Parallelism and worker pools#
The initial ask is almost always the same: “how do i make a worker
pool?” — i.e. the thing multiprocessing and
concurrent.futures.ProcessPoolExecutor get reached for
once the GIL becomes the enemy.
Here’s the structured concurrency (SC) answer: tractor is built
to handle any SC process tree you can imagine; a “worker pool”
pattern is a trivial special case.
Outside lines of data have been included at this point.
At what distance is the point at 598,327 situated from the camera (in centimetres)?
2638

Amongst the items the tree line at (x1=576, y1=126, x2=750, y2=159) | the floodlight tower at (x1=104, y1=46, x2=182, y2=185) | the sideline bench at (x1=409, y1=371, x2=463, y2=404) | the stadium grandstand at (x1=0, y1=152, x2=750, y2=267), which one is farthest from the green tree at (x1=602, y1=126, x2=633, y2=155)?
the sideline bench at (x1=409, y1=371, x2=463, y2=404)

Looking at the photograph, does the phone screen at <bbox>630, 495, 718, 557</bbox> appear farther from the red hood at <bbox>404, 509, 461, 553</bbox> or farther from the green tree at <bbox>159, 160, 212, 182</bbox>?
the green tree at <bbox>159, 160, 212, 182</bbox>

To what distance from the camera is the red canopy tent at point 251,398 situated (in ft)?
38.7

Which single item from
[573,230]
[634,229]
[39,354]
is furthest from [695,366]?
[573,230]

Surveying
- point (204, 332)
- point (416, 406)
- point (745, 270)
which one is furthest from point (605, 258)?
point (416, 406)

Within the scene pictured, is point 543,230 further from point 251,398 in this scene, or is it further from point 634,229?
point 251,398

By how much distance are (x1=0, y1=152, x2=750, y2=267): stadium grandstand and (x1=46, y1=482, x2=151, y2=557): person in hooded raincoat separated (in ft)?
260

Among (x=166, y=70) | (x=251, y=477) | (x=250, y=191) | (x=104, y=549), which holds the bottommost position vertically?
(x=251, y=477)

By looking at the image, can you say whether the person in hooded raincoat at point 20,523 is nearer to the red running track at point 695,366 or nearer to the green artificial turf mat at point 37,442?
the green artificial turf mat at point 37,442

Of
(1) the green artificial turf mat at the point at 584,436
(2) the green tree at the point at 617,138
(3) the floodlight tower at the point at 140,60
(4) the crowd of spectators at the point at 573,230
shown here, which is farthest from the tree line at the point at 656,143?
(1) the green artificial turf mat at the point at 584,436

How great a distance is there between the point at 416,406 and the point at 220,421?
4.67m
So instead of shipping a pool
class with knobs bolted on, you compose one from the same two
ingredients used everywhere else in tractor: an actor nursery
and some IPC.
The stdlib baseline#
For a fair comparison, start from the canonical
ProcessPoolExecutor primes example
straight out of the Python docs,
'''
The pure-stdlib `concurrent.futures.ProcessPoolExecutor`
primes demo (from the std docs) verbatim; the baseline twin
of `concurrent_actors_primes.py`.
The `async def main()` + `trio.run()` shim at the bottom only
exists so the docs-example test runner can exercise this
script; the executor code itself is untouched stdlib fare.
'''
import time
import concurrent.futures
import math
import trio
PRIMES = [
112272535095293,
112582705942171,
112272535095293,
115280095190773,
115797848077099,
1099726899285419]
def is_prime(n):
if n < 2:
return False
if n == 2:
return True
if n % 2 == 0:
return False
sqrt_n = int(math.floor(math.sqrt(n)))
for i in range(3, sqrt_n + 1, 2):
if n % i == 0:
return False
return True
def check_primes():
with concurrent.futures.ProcessPoolExecutor() as executor:
start = time.time()
for number, prime in zip(PRIMES, executor.map(is_prime, PRIMES)):
print('%d is prime: %s' % (number, prime))
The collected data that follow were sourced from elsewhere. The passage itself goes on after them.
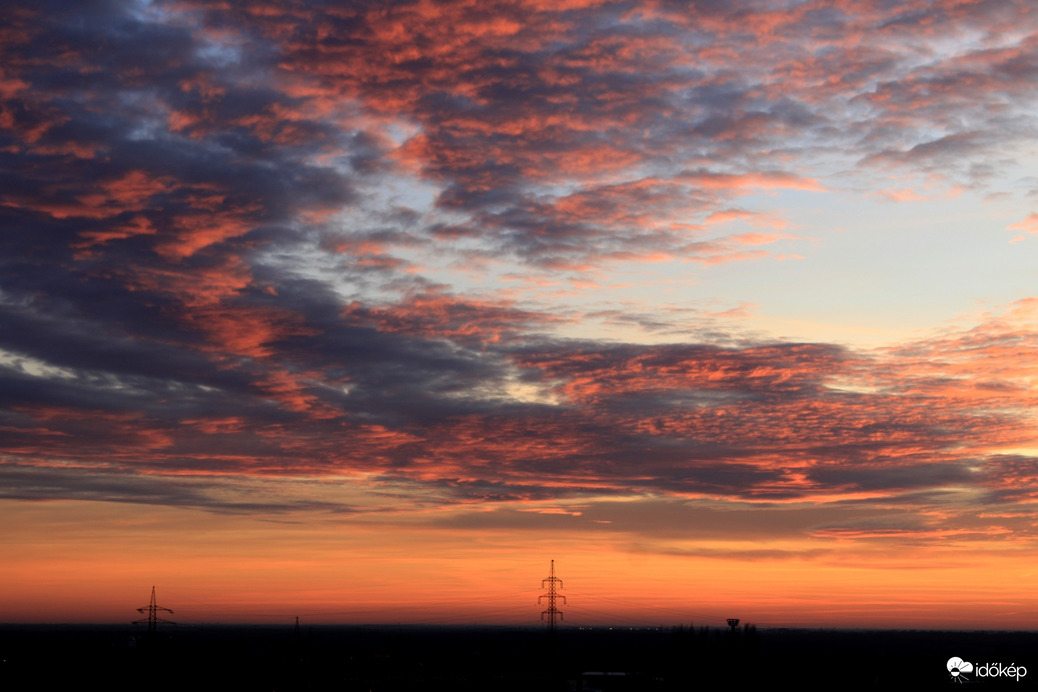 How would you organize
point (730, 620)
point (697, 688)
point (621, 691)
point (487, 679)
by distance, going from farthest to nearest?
point (730, 620)
point (487, 679)
point (697, 688)
point (621, 691)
print(f'processing took {time.time() - start} seconds')
async def main() -> None:
# thin shim: the pool blocks this (sole) trio task
# which is just fine for a one-shot baseline script.
check_primes()
if __name__ == '__main__':
start = time.time()
trio.run(main)
print(f'script took {time.time() - start} seconds')
Synchronous code, a hidden thread + IPC machine under the hood, and
an API surface (executors, futures, .map()) invented to paper
over the fact that the pool isn’t part of your program’s task tree.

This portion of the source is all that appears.